Pensionsvorsorge: Sammeln für kargere Zeiten

Sciurus vulgaris handelt vorausschauend, homo sapiens nicht immer
Experten-Tenor: Staatliche Pension bleibt zentral, Eigenvorsorge wird aber wichtiger.

Staatliche, betriebliche und private Vorsorge: Das sind die drei Säulen, die jedes Pensionssystem tragen. Die Gretchenfrage lautet: Wie viel trägt jede Säule bei? Und: Sind die Pensionen dauerhaft gesichert und reichen sie für einen vernünftigen Lebensstandard im Alter? Je nachdem, wen man im Politspektrum befragt, fallen die Antworten unterschiedlich aus. Und der Fondsbranche, den Versicherungen und Pensionskassen wird in der Debatte ohnehin ein Eigeninteresse unterstellt – sie wittern natürlich neue Geschäftschancen.

Zentrale staatliche Säule

Die staatliche Säule bleibe das zentrale tragende Element, die betriebliche und private Eigenvorsorge müssten in Österreich aber gestärkt werden: So lautete am Mittwoch der Tenor jener Experten, die am Altersvorsorge- und Investorengipfel 2016 in Wien teilnehmen.

"Jede Säule hat ihre Stärken", übte sich Andreas Zakostelsky, Obmann des Fachverbandes der Pensionskassen und Chef der VBV-Gruppe, in Zurückhaltung. Das Schlagwort der drohenden Altersarmut sei ihm "zu schreierisch", sagte der ÖVP-Nationalratsabgeordnete. Er wünscht sich stattdessen einen "ernsthaften Diskurs, ohne ideologische Scheuklappen". Eigentlich sei im Regierungsprogramm formuliert, dass sich die Pensionsreformkommission auch mit Säule zwei und drei beschäftigen soll. Passiert sei das nicht.

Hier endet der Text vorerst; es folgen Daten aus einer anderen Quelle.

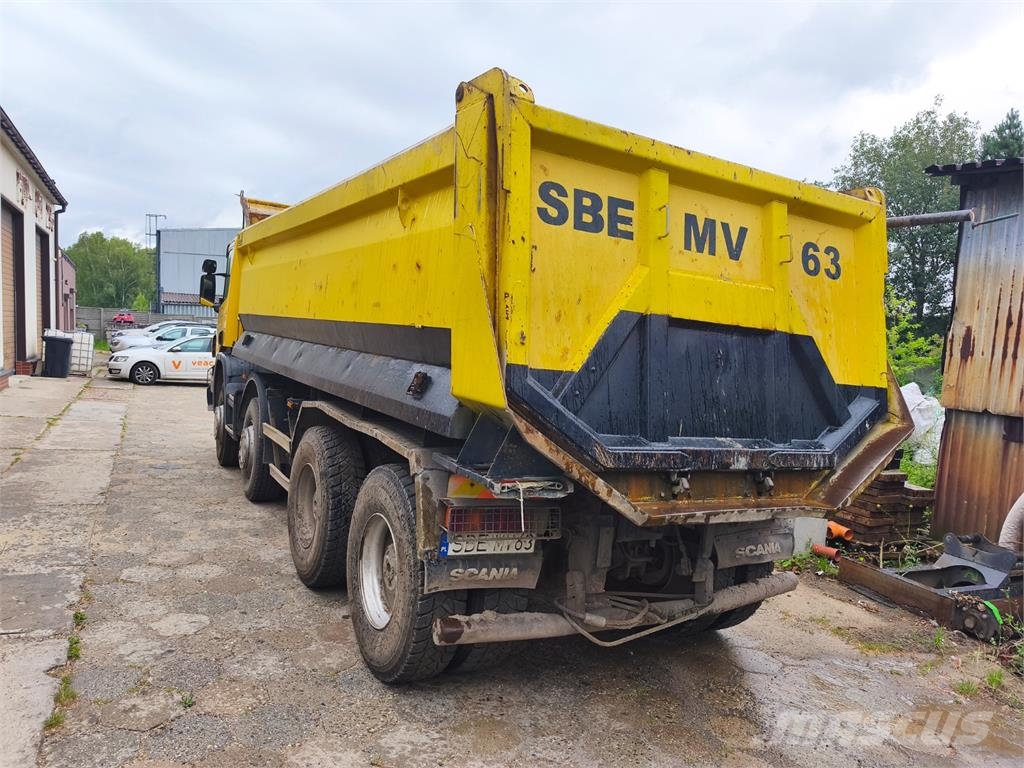 Scania P 380 8×4 Camiones bañeras basculantes o volquetes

Wichtig wären aus Branchensicht vier Punkte, sagte Zakostelsky: Die Eigenvorsorge sollte steuerlich absetzbar sein. Bei der "Abfertigung Neu" wäre eine längere Haltedauer sinnvoll – vorzeitige Entnahmen des Geldes seien aus Vorsorgesicht kontraproduktiv. Und bei der staatlich geförderten Zukunftsvorsorge sollte die Wahl einer garantiefreien Variante sowie eine Verwendung für die Pflegevorsorge möglich sein.

KMU-Manko

In Österreich stammen 90 Prozent der Alterseinkommen aus der staatlichen Pension – diese Abhängigkeit sei nirgendwo höher, warnte Neos-Chef Matthias Strolz. In Ländern wie Frankreich oder den Niederlanden ist es nur die Hälfte. Strolz wünscht sich eine Steuerbefreiung (Versicherungssteuer, KESt) für alle Pensionsvorsorgeprodukte; bei vorzeitiger Entnahme sollte die volle Nachversteuerung greifen.

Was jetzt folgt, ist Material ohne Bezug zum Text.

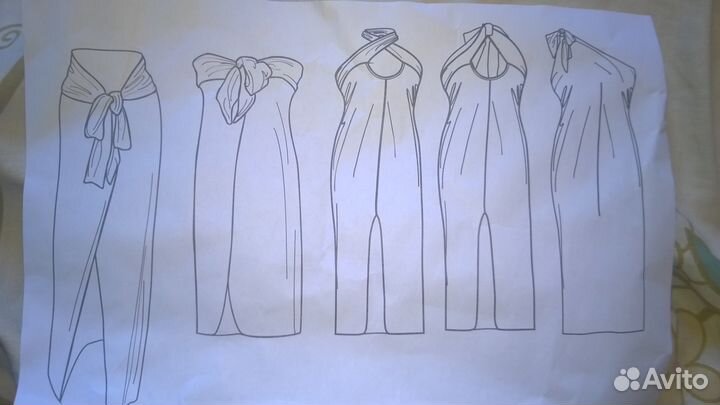 Платье - трансформер, 48-50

Der geringe Wissensstand sei daran schuld, dass in Österreich nur 25 Prozent der Betriebe für Mitarbeiter vorsorgen, sagte Gutachter Thomas Wondrak: "Wir brauchen ein klares politisches Commitment und eine Informationsoffensive, vor allem bei Klein- und Mittelbetrieben." Am günstigsten wäre es freilich, die betriebliche Vorsorge überhaupt gleich in den Kollektivverträgen (KV) zu verankern. Das sei aber bisher nur bei 50 von 845 KV passiert, die ganz großen wie Handel oder Gewerbe fehlen.

Deutsches Modell

Deutschland hat vor 15 Jahren radikale Pensionsreformen eingeleitet, an deren Ende nur 43 Prozent Lohnersatzquote aus der staatlichen Säule kommen. 15 Millionen Deutsche haben seither private Vorsorgeverträge ("Riester Rente") abgeschlossen.

Jetzt stagniere die Zahl, sagte Heribert Karch von der deutschen Arge betriebliche Altersvorsorge. Er warnte aber, die Zusatzvorsorge allein dem Individuum zu überlassen: "Das Leitbild vom mündigen Bürger, vom homo oeconomicus, ist Fiktion. Der Mensch handelt nicht so vorausschauend." Sonst würden gerade jene Menschen abgehängt, die eine Vorsorge besonders dringend brauchen.